Variable importance scores from Random Forest models for daily soil CO2 efflux (FS) predictions trained on only observed data from (A) non-convergent areas (ridgetops and planar midslopes) and (B) convergent areas (swales and valley floors). Variables are ranked by relative importance for predicting FS, where a greater percent increase in mean square error indicates greater importance in the model. Ten variable importance scores were calculated by a Random Forest model built on ten separate random subsamples of training data. These ten variable importance scores are represented as a box plot corresponding to each variable to estimate uncertainty. Random Forest models were trained on observation only (that is, not gap-filled) data from automated flux chambers.

Figure 4
figure 4

Partial dependence plots of dominant predictors on daily FS from Random Forest models. Partial dependence plots show the average relationship between modeled 5-cm soil moisture and daily FS across a non-convergent areas (ridgetops and planar midslopes) and b convergent areas (swales and valley floors). Multipredictor partial dependence plots show the average interactive effect of modeled 5-cm soil moisture and temperature on daily FS across c non-convergent areas and d convergent areas. White areas in multipredictor plots are regions outside of the observed range used to train the Random Forest model. Random Forest models were trained on observation only (that is, not gap-filled) data.

Comparing Growing Seasons Estimates Across Automatic and Manual Methods

Our second hypothesis was that automated chamber methods will provide the same FS estimates as manual sampling when aggregated to the growing season temporal scale and catchment spatial scale. However, three-way repeated measures ANOVA (Supplemental Table 4) found a significant effect of method (F value = 7.280, p value = 0.021) on growing season FS estimates, as well as a significant interaction effect between year (2016–2017) and method (F value = 7.866, p value = 0.019).

To test the magnitude of the method effect, and its interaction with year, we compared growing season FS estimates from both methods using total least squares linear regression.
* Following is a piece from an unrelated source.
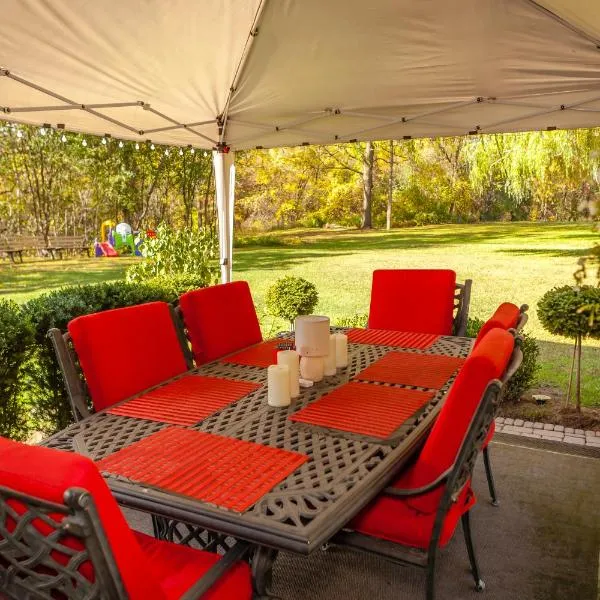 Nature Oasis Mar Suite，位于当达斯的酒店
We found growing season FS estimates from automatic methods to be 1.25 (± 0.08) times greater than manual estimates across all landscape positions and both years (Figure 5). This effect tended to be greater in a dry year (1.45 ± 0.06) than an average year (1.11 ± 0.06) and greater in convergent (1.27 ± 0.11) than non-convergent (1.21 ± 0.10) areas (Supplemental Table 5).

Figure 5
figure 5

Regression between estimated growing season FS (g C m−2 180 days−1) from manual and automatic chamber methods. The red dashed line indicates a theoretical 1:1 line. The black line indicates the total least squares linear regression between methods (slope = 1.25) with a 95% confidence interval shaded in gray. Regression coefficients are similar regardless of gap-filling methods for automatic methods (see Supplemental Table 5). Vertical standard error lines are greater (that is, more variability along the y axis), because automatic chambers have fewer replicates (n = 2) relative to manual sampling (n = 7 to 21, depending on landscape position).
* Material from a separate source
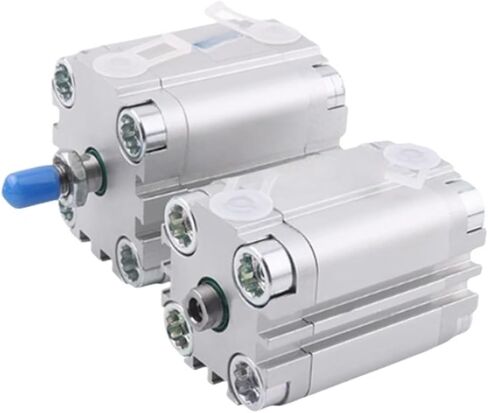 JSVTWTKH 1 قطعة اسطوانة ADVU-80-10-A-P-A ADVU-80-15-A-P-A ADVU-80-20-A-P-A ADVU-80-25-A-P-A ADVU-80-30-A-P-A ADVU-80-40-A-P-(ADVU-80-20-A-P-A) in Kuwait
We ensured that this difference was not an artifact of gap-filling automatic estimates by repeating regressions with three other gap-filling methods, both across and within years; regardless of treatment of automatic data, estimates from automatic chambers were consistently greater than from manual methods (regression slope with a 95% confidence interval > 1 in Supplemental Table 5). Although manual data were only collected in 2016 and 2017, simulating annual FS estimates for manual methods by randomly drawing from the automated chamber dataset across 2016–2018 also found consistently lower estimates than automatic methods (Supplemental Figure 1).

Discussion

We present one of the first multi-year continuous soil CO2 efflux (FS) datasets to capture the interactions of both complex terrain and significant precipitation variability in a temperate deciduous forest. Leveraging this dataset, we found a bidirectional response of FS across the catchment to increasing interannual water availability. We discuss the mechanisms driving this response as well as their implications for predicting and monitoring FS in complex terrain.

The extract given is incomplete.